> [DATA FOR ANALYSIS]:

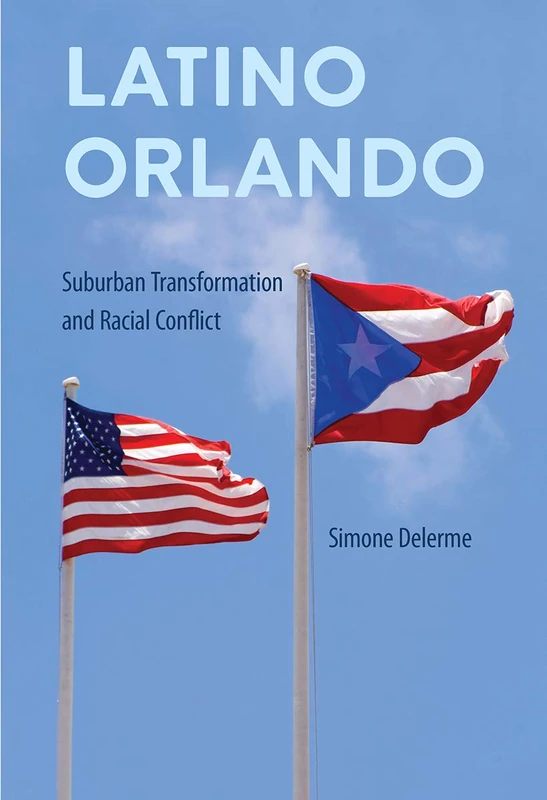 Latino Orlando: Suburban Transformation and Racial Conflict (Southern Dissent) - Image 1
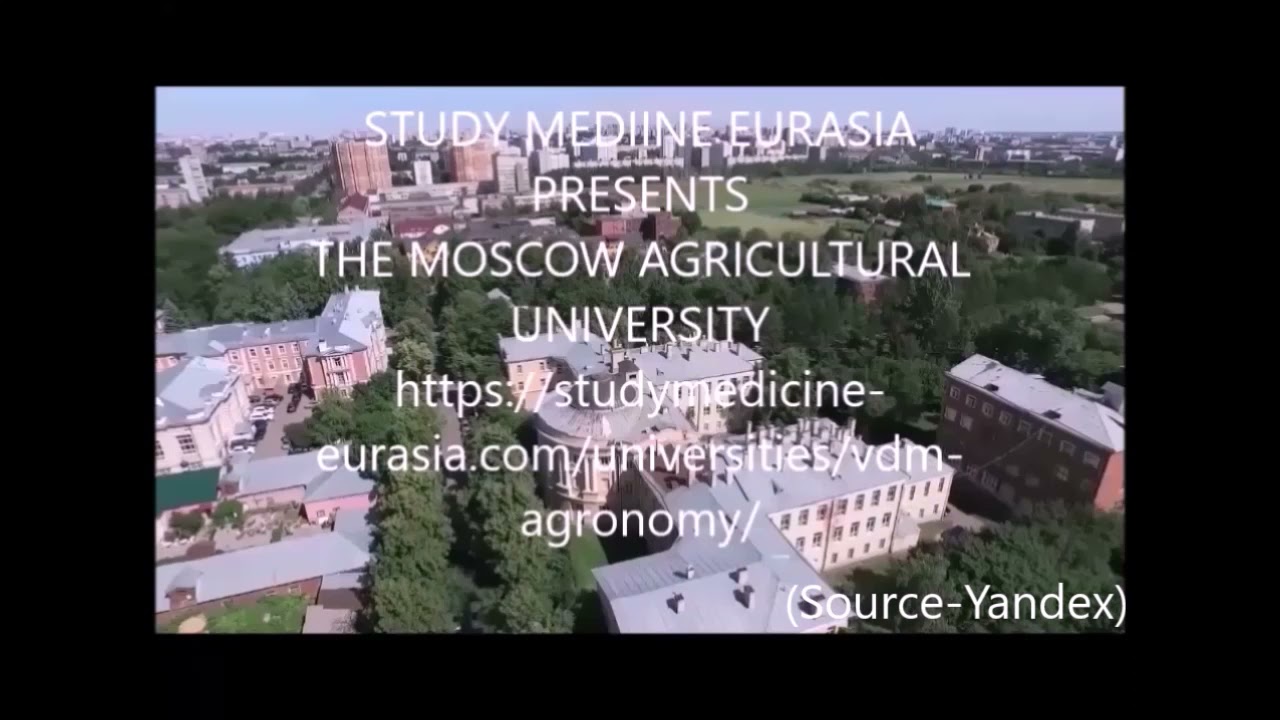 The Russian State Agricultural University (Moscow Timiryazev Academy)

==

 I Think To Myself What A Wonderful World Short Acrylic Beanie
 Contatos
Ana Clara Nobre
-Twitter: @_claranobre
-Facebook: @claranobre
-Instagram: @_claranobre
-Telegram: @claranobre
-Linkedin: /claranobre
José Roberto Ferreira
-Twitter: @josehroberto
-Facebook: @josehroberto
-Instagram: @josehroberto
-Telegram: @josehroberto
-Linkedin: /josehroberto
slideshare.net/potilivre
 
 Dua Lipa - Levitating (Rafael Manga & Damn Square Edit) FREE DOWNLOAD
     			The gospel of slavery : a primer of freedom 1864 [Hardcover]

> [TO DO]: Only those lines of the entries above that run from the line containing "-Telegram: @josehroberto" to the line containing "The gospel of", both included, should be transcribed exactly.

> [TASK SOLUTION]:
-Telegram: @josehroberto
-Linkedin: /josehroberto
slideshare.net/potilivre
 
 Dua Lipa - Levitating (Rafael Manga & Damn Square Edit) FREE DOWNLOAD
     			The gospel of slavery : a primer of freedom 1864 [Hardcover]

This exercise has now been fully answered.